Personal information
- Born: June 18, 1937 (age 89) Wallace, North Carolina, U.S.
- Listed height: 6 ft 2 in (1.88 m)
- Listed weight: 225 lb (102 kg)

Career information
- High school: Wallace-Rose Hill (NC)
- College: Duke (1955–1958)
- NFL draft: 1959: 3rd round, 26th overall pick

Career history
- Toronto Argonauts (1959); Buffalo Bills (1960–1967);

Awards and highlights
- 2× AFL champion (1964, 1965); 2× AFL All-Star (1965, 1966); First Buffalo Bill to score a touchdown; Second-team All-American (1957); 2× First-team All-ACC (1957, 1958);

Career AFL statistics
- Rushing yards: 3,368
- Rushing average: 4.1
- Receptions: 110
- Receiving yards: 1,329
- Total touchdowns: 34
- Stats at Pro Football Reference

= Wray Carlton =

American gridiron football player (born 1937)

Linwood Wray Carlton (born June 18, 1937) is an American former professional football player who was a running back in both Canada and the United States. He played college football for the Duke Blue Devils.

Unable to come to terms with the Philadelphia Eagles, who had selected him in the 1959 NFL draft, Carlton traveled to Toronto and the Canadian Football League (CFL) to play for the Argonauts. His Canadian career lasted only four games before he declined a trade to Vancouver, British Columbia, and went home. But another league and another opportunity was in his future.

In his early years with the Buffalo Bills of the American Football League (AFL), Carlton formed a virtually unstoppable backfield tandem, first with Elbert "Golden Wheels" Dubenion, then with Carlton Chester "Cookie" Gilchrist.

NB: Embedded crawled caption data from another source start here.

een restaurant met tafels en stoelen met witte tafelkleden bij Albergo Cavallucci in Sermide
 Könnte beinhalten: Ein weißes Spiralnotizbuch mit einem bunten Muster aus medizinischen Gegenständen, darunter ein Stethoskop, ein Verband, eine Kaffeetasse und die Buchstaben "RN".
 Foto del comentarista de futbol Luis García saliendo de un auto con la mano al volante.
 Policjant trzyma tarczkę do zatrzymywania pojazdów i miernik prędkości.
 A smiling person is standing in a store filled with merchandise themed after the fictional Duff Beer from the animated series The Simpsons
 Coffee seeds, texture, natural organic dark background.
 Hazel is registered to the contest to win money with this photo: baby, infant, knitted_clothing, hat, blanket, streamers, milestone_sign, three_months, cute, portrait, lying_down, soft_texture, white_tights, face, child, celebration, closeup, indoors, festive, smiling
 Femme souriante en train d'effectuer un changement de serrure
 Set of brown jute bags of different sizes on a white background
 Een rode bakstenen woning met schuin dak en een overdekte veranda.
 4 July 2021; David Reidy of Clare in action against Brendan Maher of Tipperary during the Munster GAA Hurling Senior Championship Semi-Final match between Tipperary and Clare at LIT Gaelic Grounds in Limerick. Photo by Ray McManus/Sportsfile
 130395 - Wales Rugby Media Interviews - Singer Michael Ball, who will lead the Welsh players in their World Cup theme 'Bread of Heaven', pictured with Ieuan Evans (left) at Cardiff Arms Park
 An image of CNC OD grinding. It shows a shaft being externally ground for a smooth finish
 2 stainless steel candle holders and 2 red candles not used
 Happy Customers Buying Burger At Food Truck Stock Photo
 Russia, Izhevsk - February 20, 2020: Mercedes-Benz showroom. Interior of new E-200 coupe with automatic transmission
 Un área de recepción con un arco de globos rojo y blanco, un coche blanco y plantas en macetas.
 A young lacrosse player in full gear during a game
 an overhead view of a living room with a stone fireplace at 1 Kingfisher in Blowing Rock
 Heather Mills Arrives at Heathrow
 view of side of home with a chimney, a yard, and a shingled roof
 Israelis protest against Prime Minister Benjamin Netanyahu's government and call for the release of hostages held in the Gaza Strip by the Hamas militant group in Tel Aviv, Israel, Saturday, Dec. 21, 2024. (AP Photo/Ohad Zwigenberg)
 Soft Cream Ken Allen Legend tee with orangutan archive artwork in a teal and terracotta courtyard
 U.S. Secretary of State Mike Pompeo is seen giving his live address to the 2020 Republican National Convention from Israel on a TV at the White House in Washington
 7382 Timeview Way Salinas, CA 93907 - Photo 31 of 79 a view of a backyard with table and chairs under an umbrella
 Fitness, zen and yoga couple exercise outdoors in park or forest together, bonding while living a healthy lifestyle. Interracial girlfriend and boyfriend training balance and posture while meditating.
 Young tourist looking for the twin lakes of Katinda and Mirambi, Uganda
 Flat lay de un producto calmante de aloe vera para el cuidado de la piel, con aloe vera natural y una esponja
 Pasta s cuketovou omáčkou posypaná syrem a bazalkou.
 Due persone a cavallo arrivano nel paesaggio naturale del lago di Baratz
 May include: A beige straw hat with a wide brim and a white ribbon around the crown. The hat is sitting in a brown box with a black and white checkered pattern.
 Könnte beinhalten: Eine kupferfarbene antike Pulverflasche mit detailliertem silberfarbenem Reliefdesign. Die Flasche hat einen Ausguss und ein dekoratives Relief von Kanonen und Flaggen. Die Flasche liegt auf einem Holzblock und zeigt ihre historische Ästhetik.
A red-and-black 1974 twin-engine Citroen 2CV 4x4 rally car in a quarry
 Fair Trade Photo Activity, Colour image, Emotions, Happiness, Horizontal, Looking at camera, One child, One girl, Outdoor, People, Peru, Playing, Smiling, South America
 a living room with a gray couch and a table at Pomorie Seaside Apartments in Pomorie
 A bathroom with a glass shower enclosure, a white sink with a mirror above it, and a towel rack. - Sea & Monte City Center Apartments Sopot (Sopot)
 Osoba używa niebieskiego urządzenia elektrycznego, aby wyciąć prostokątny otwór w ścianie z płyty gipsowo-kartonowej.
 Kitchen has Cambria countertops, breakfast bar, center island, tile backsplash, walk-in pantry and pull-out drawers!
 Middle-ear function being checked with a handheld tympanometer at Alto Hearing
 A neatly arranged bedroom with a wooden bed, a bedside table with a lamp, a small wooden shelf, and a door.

On September 18, 1960, in Buffalo's home opener, a 27–21 loss to the Denver Broncos, Carlton made history in the second quarter when he scored the team's first touchdown on a one-yard run. Carlton gained 1,010 yards from scrimmage (533 rushing and 477 receiving) and 11 touchdowns in the Bills first season.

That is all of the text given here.